It is a flowchart for demonstrating the example of control which correct | amends the output torque of the 1st motor generator performed with the engine starting control apparatus which concerns on this invention. It is a time chart for demonstrating the difference of the engagement determination timing with the case where the torque correction of a 1st motor generator is performed when the actual clutch torque shifts to the larger one, and the case where it does not perform. It is a time chart for demonstrating the difference in the engagement determination timing with the case where the torque correction of a 1st motor generator is performed when the actual clutch torque shifts to the smaller side, and the case where it does not perform. It is a schematic diagram which shows an example of the power train of the hybrid vehicle which can be made into object by this invention. 5 is a time chart schematically showing changes in command values and rotation speed when executing control for balancing output torque of a first motor / generator with clutch torque at the time of engine start.

  FIG. 4 schematically shows an example of a power train in a hybrid vehicle that can be the subject of the present invention.
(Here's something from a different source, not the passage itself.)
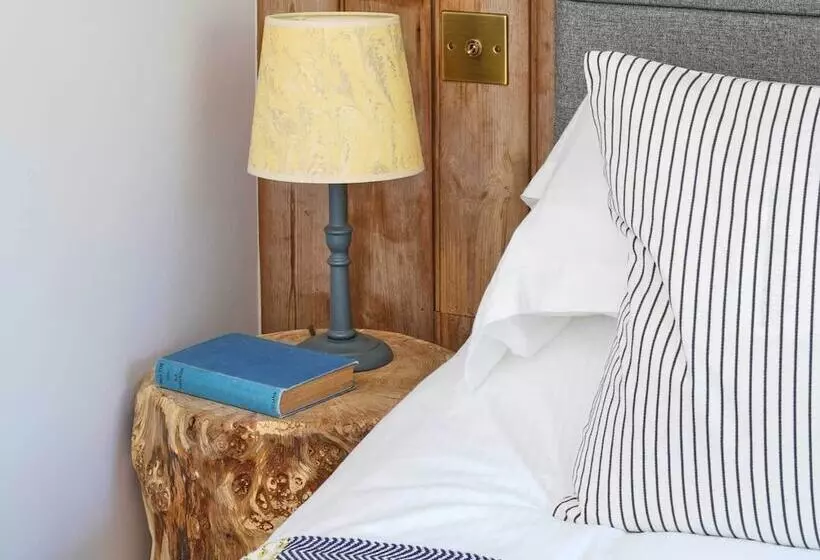 ペンション Riverbarn Fonthill Bishop Bed & Breakfast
In the example shown here, each motor is composed of a motor / generator having a power generation function, and the engine (E / G) 1 and the first motor / generator (MG1) 2 corresponding to the motor in the present invention are divided into power. It is connected to the mechanism 3. The power split mechanism 3 is a mechanism that splits and transmits the power output from the engine 1 to the first motor / generator 2 and the output element 4, and has three rotating elements between the rotating elements. It is comprised by the differential mechanism which performs a differential action. An example of the differential mechanism is a planetary gear mechanism. When a single pinion type planetary gear mechanism is employed, the first motor / generator 2 is connected to the sun gear, and the carrier is connected via the clutch 5. The engine 1 is connected, and the ring gear is the output element 4.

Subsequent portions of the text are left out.